DATA EXTRACT START

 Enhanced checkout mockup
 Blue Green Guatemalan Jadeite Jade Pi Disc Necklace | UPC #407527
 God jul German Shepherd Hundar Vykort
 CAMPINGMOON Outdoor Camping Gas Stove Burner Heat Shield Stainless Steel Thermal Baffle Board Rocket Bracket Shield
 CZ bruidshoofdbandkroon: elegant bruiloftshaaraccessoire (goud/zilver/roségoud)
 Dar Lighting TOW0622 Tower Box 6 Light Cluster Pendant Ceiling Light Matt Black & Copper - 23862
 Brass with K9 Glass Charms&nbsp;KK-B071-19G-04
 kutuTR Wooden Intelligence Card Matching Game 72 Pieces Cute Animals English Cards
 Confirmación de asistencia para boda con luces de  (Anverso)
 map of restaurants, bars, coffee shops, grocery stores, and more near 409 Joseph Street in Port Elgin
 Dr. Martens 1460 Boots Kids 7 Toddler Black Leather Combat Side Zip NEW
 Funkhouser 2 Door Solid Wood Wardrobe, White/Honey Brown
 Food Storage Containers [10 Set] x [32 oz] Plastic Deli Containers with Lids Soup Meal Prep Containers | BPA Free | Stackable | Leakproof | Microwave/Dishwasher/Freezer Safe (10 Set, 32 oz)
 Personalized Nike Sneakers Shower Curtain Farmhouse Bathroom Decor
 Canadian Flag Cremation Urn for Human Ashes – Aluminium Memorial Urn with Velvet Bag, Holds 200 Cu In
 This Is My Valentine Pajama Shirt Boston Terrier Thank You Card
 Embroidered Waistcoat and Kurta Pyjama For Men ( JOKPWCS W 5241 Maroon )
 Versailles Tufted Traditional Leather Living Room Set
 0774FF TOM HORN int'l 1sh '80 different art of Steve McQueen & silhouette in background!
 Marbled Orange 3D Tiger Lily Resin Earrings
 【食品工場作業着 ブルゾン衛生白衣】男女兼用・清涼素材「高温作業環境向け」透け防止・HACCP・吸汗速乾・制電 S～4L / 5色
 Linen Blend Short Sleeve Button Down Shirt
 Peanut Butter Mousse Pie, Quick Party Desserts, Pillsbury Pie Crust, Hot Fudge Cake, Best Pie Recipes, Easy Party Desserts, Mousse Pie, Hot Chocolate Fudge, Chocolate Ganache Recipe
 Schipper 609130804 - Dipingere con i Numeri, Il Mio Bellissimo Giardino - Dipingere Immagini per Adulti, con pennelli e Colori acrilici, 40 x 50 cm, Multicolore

DATA EXTRACT END

### AIM OF THE TASK:
Using the records above, copy word for word the line with "CAMPINGMOON Outdoor Camping", the line with "Confirmación de asistencia", and every line between them.

### RESULT OF THIS TASK:
 CAMPINGMOON Outdoor Camping Gas Stove Burner Heat Shield Stainless Steel Thermal Baffle Board Rocket Bracket Shield
 CZ bruidshoofdbandkroon: elegant bruiloftshaaraccessoire (goud/zilver/roségoud)
 Dar Lighting TOW0622 Tower Box 6 Light Cluster Pendant Ceiling Light Matt Black & Copper - 23862
 Brass with K9 Glass Charms&nbsp;KK-B071-19G-04
 kutuTR Wooden Intelligence Card Matching Game 72 Pieces Cute Animals English Cards
 Confirmación de asistencia para boda con luces de  (Anverso)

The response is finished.